Eu me lembro vagamente de um dia já ter ido à um Kamikase, num parque de diversão qualquer numa capital do interior. Me lembro de já ter passado o limite de velocidade. Algumas vezes. De entrar no mar a noite. Mas nem tantas vezes. Já pulei, quase sem querer, da plataforma de 5m de salto ornamental da piscina do meu colégio. Na de 10m eu também subi, mas dessa o juízo não me deixou cair. Já trepei sem camisinha. E também já morei no nono andar de um prédio. Mas isso tudo já tem tempo. Bastante tempo. Provavelmente.
Eu culparia os anos 2000 pelo meu medo.

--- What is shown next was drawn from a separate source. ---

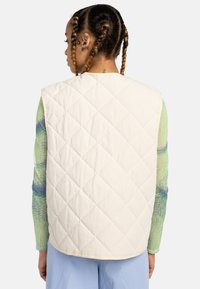 Gilet matelassé crème avec un motif en diamant. Présente des bords arrondis et est superposé sur une chemise à manches longues colorée à motifs.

Mas a culpa não é da década de hoje, mas sim da década que nasci, pois é ela quem faz com que a década de hoje me assombre. São os anos passando. É a idade chegando. É o medo de saber que eu sou findável. E cada dia que passa, eu acredito mais nessa máxima.
Na virada do século eu atingi a maioridade. No ano do apocalipse eu abraçarei Balzac. Esse é o apocalipse. Meu apocalipse pessoal.
A qualquer momento eu posso entrar pra estatística de pessoas que sairam e nunca mais voltaram. Minha linha finda em algum lugar. E, depois de tanto cagar pra ela, hoje eu não faço mais o louco do tarô, colocando o pezinho pra fora do desfiladeiro. Ando encapando meu fio e não brinco nem de roda-gigante.
É medo de não existir mais. É medo de evaporar feito água em ebulição. É paúra de ir, não voltar e ser esquecida. De deixar uma cadeira vazia na mesa. Um silêncio do outro lado da linha. E uma casa vazia.
Dessa forma eu compreendo porque quanto mais idade mais cedo acorda-se. É o tempo se esvaindo. E a sabedoria entendendo. Que não sobra tempo. Nem pra sonhar. E eu me sentindo uma caixinha de leite longa vida. Que coalha aos poucos. Que de longa vida nada tem. Que desse mundo só levarei saudade. E deixarei saudade também. Em algum lugar. Espero.